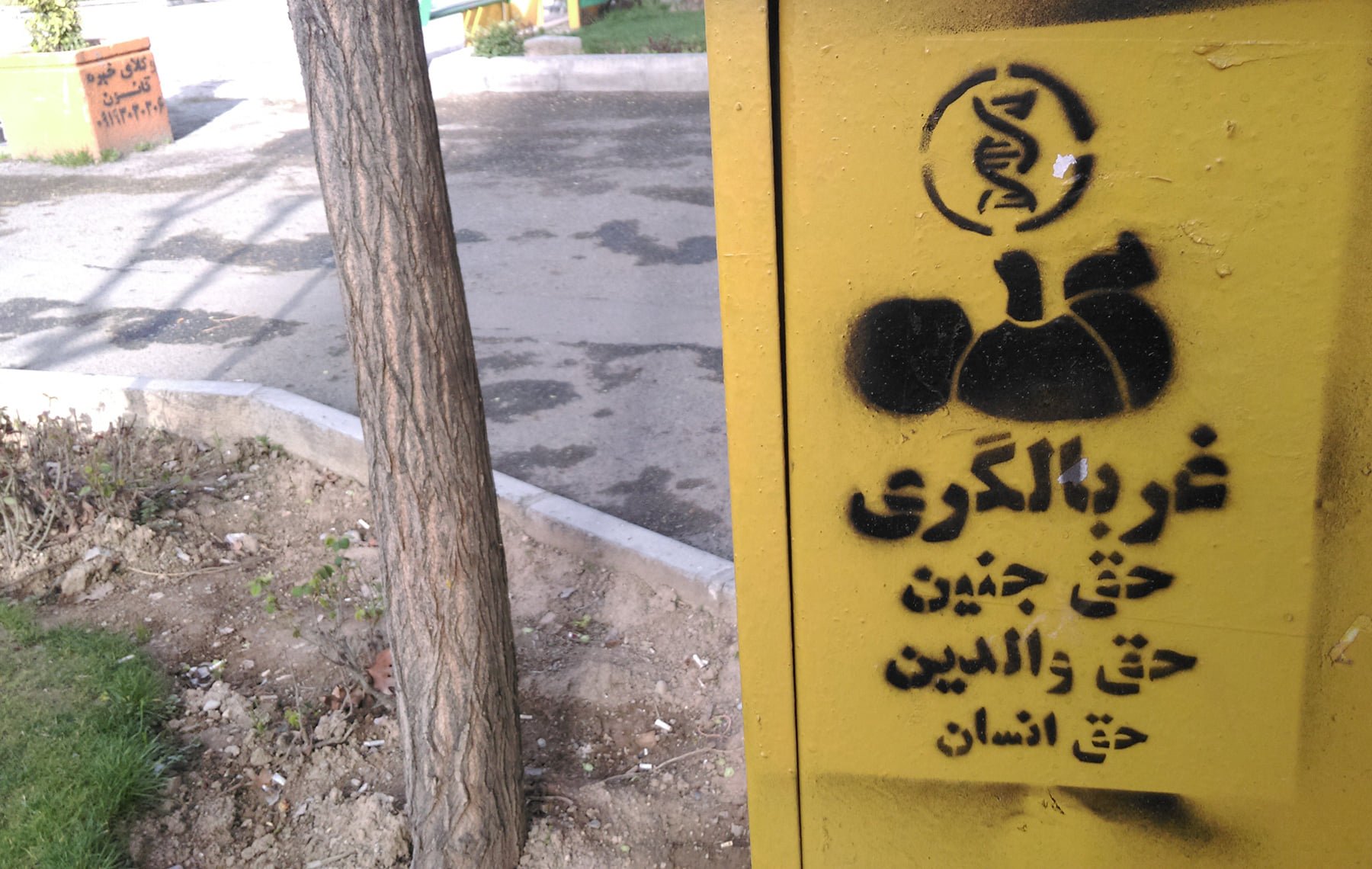 گرافیتی علیه طرح جوانی جمعیت-غربالگری ژنتیک جنین (11)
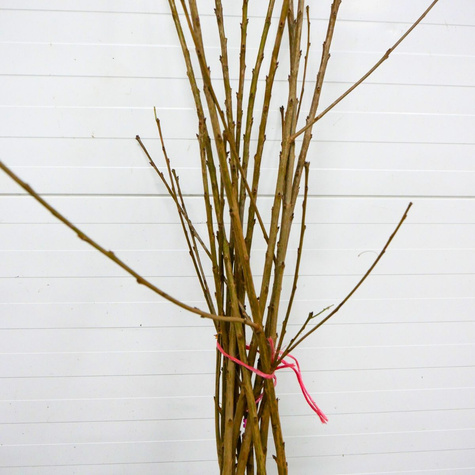 Maguskirsipuu Burlat – paljasjuursed istikud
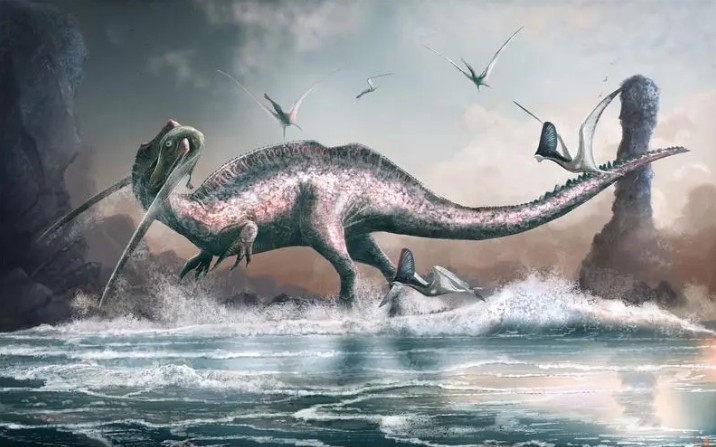 狩猎天空的影子——查林杰激龙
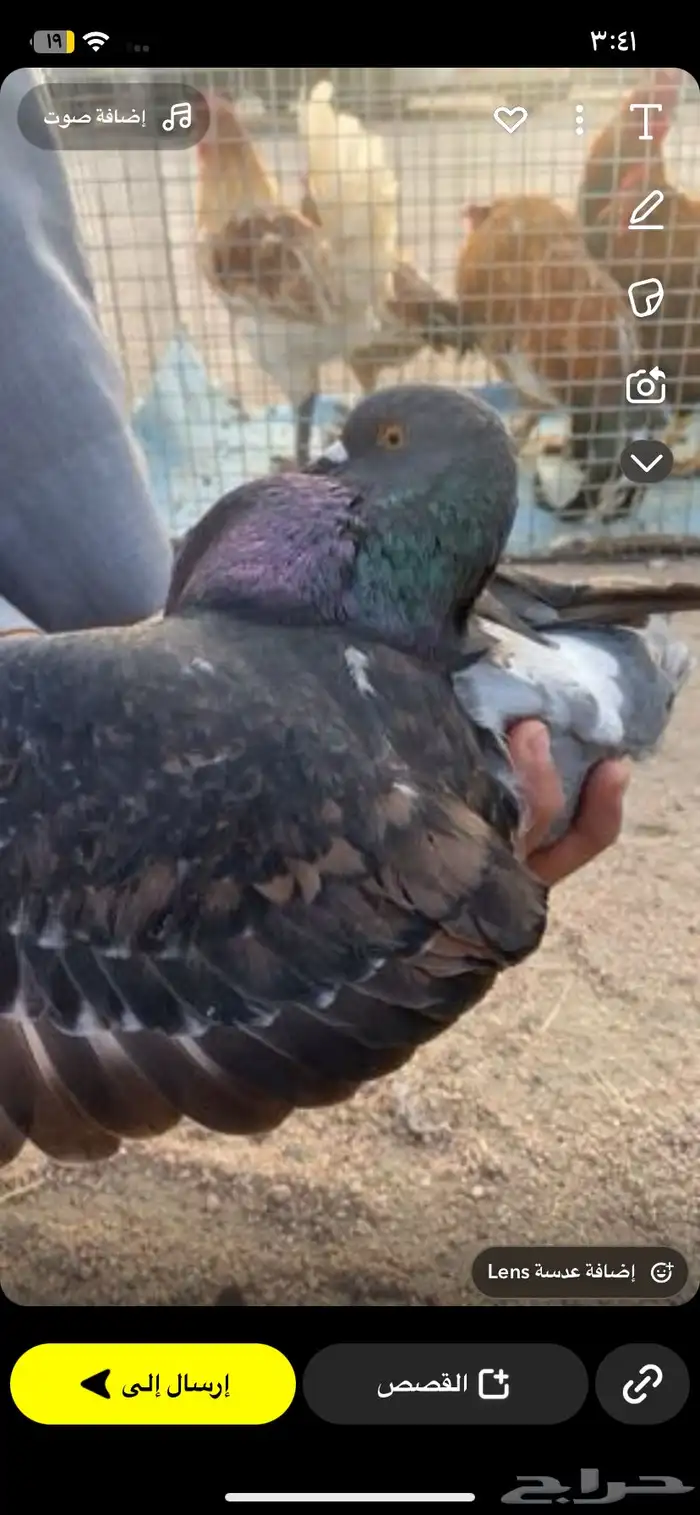 حمام كنق 3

....

* Directions:
Retype each line of the listing above word for word. Exclude the pictures.

* Task output:
 گرافیتی علیه طرح جوانی جمعیت-غربالگری ژنتیک جنین (11)
 Maguskirsipuu Burlat – paljasjuursed istikud
 狩猎天空的影子——查林杰激龙
 حمام كنق 3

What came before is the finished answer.